#### WHAT IS EXPECTED:
From the line containing "So again, this" down to the line containing "So we're going", copy out the entries below exactly, both lines included, and nothing else; pictures do not belong in the copy.

#### AVAILABLE RECORDS:

===

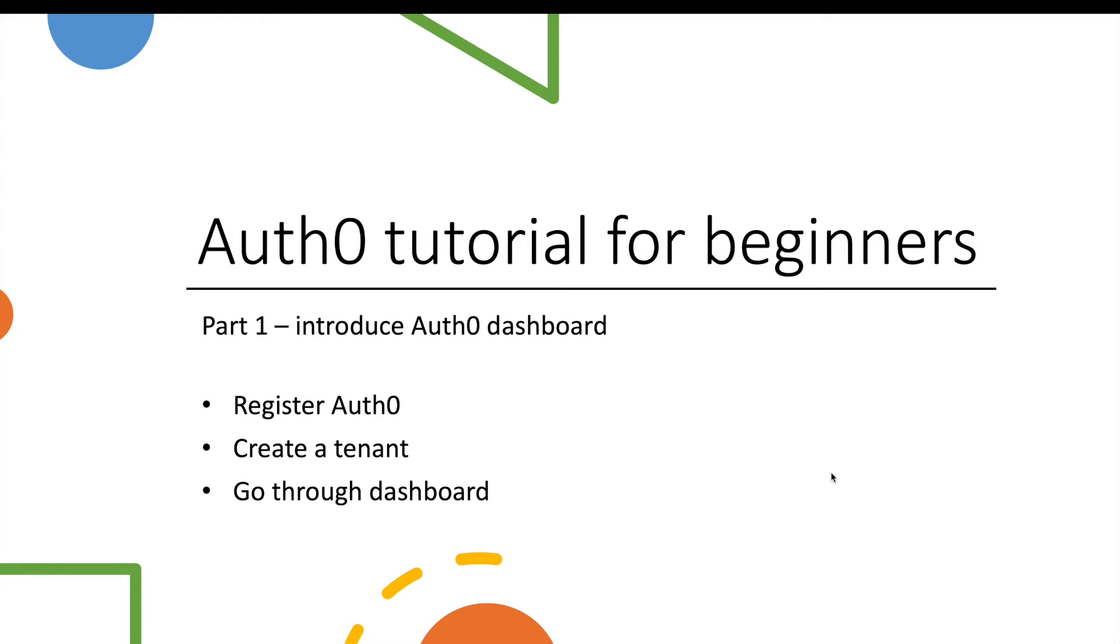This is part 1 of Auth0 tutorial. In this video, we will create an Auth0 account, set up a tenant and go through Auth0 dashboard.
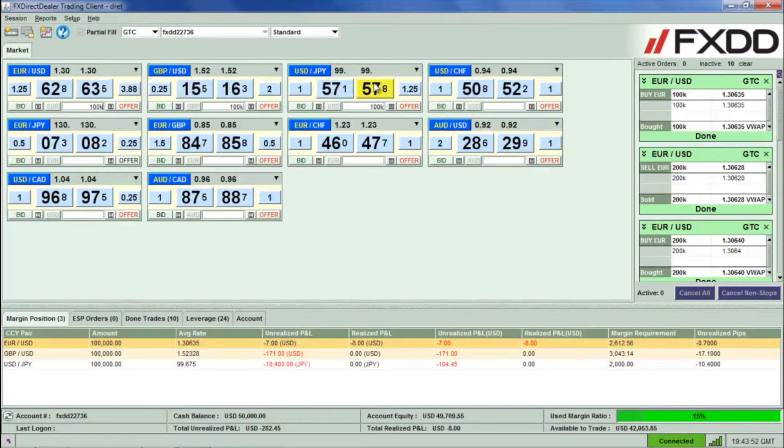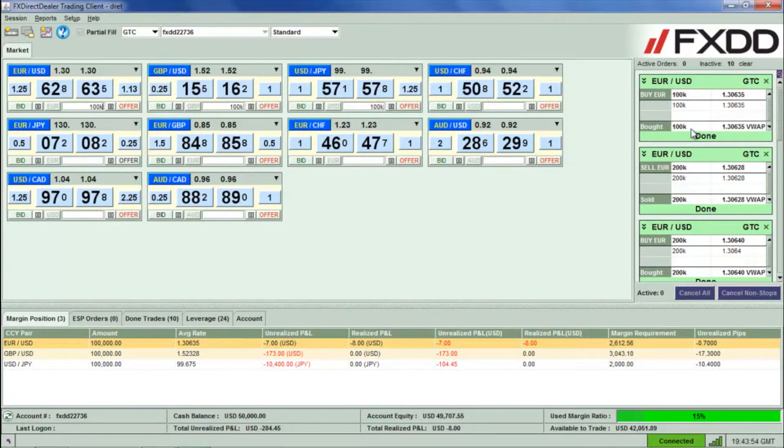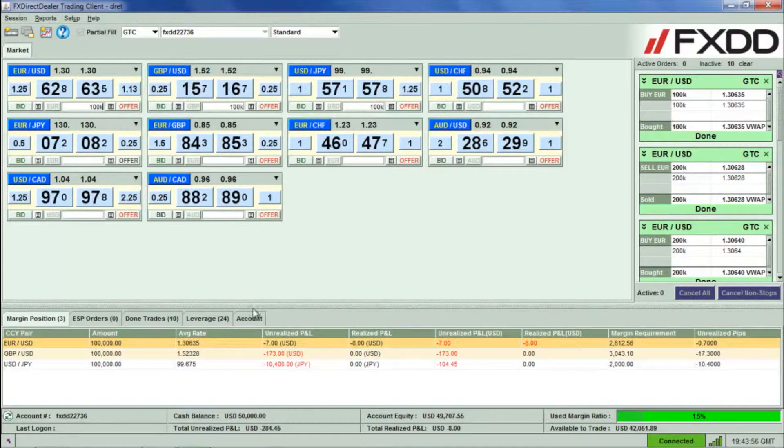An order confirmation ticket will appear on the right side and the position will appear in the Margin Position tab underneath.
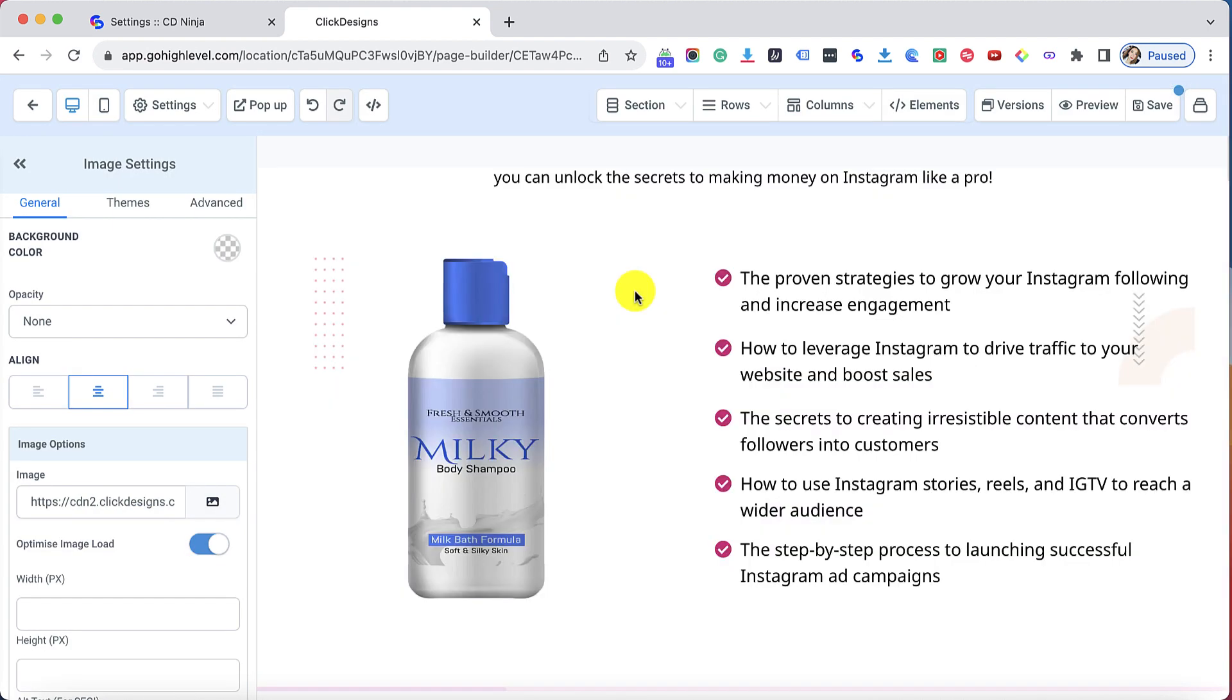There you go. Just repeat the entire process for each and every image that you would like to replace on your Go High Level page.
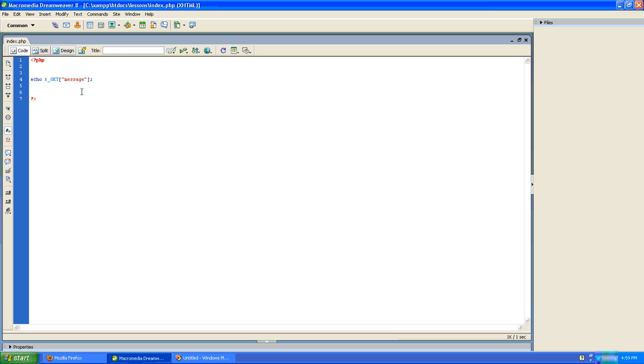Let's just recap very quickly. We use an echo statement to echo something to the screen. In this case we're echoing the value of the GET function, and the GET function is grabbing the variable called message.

===

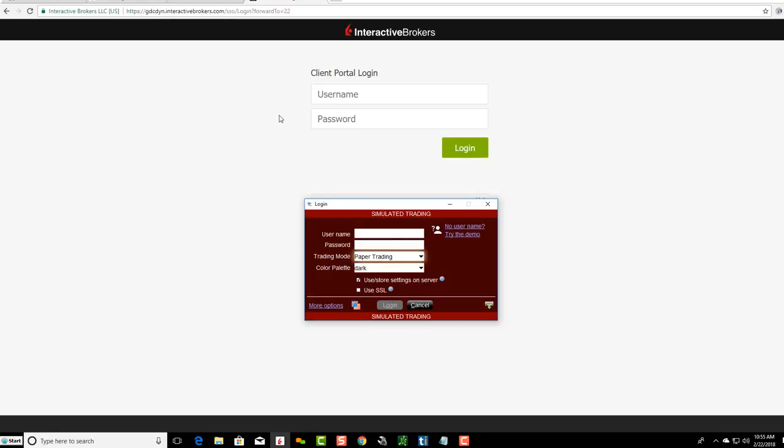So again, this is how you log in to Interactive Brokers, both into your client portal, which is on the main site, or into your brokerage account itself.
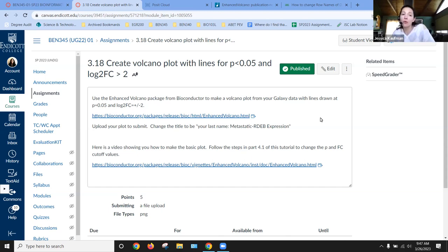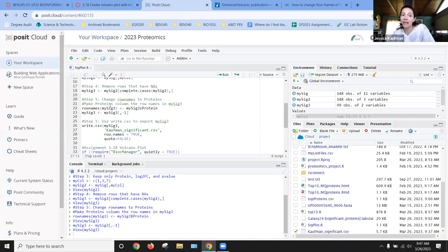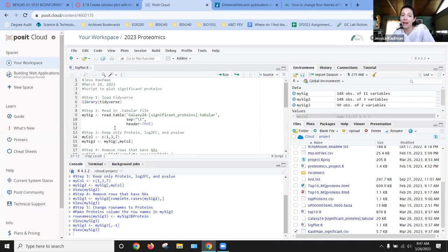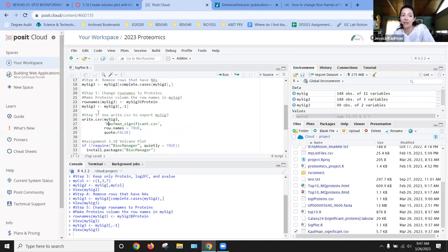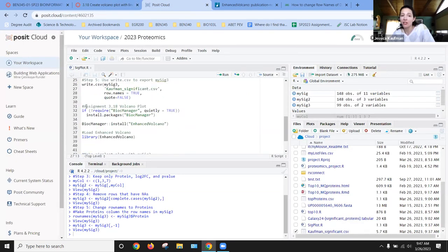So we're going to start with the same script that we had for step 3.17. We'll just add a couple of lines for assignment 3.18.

===

#### ANSWER FOR THIS EXERCISE:
So again, this is how you log in to Interactive Brokers, both into your client portal, which is on the main site, or into your brokerage account itself.
So we're going to start with the same script that we had for step 3.17. We'll just add a couple of lines for assignment 3.18.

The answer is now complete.